Infelizmente, a detenção de David Miranda na Inglaterra é apenas mais um caso entre ações igualmente graves, no Brasil e em outros países, contra a liberdade de informar e ser informado. Na esteira da luta iniciada por Hipólito José da Costa, a Constituição de 1988 garante liberdade de expressão e de imprensa como direito fundamental, mas mesmo essa garantia é ignorada por juízes de primeiro grau que insistem, em todo o país, em conceder liminares com efeitos que lembram os que obrigaram o Correio Braziliense a ser impresso no Exterior. O mais recente caso é o que impede a Gazeta do Povo, do Paraná, de publicar informações sobre investigações envolvendo o presidente do Tribunal de Justiça do Estado, Clayton Camargo. Episódios semelhantes têm sido ainda mais comuns em países como Argentina, Venezuela, Bolívia e Equador. À sua maneira, todos esses casos estão relacionados ao direito de qualquer um ter acesso a informação livre. Nem mesmo a multiplicação de plataformas de mídia tem conseguido garantir a universalização dessa prerrogativa.

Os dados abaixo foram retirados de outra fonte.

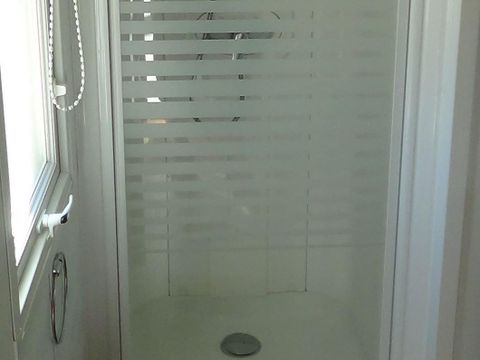 Mobilhome 6 personnes - 3 chambres - 32 m² - Clim - TV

Instituições de defesa das liberdades têm redobrado esforços para deter os sinais cada vez mais comuns de retrocesso. Esse é o tipo de luta que precisa ser assumida por todos. Cabe, a esse respeito, citar Milton: “Uma coisa sei, e é que erros em um bom governo e em outro mau são quase igualmente possíveis; pois, que magistrado não andará mal de informação (...) se a liberdade das prensas fica restringida a privilégio de uns poucos?”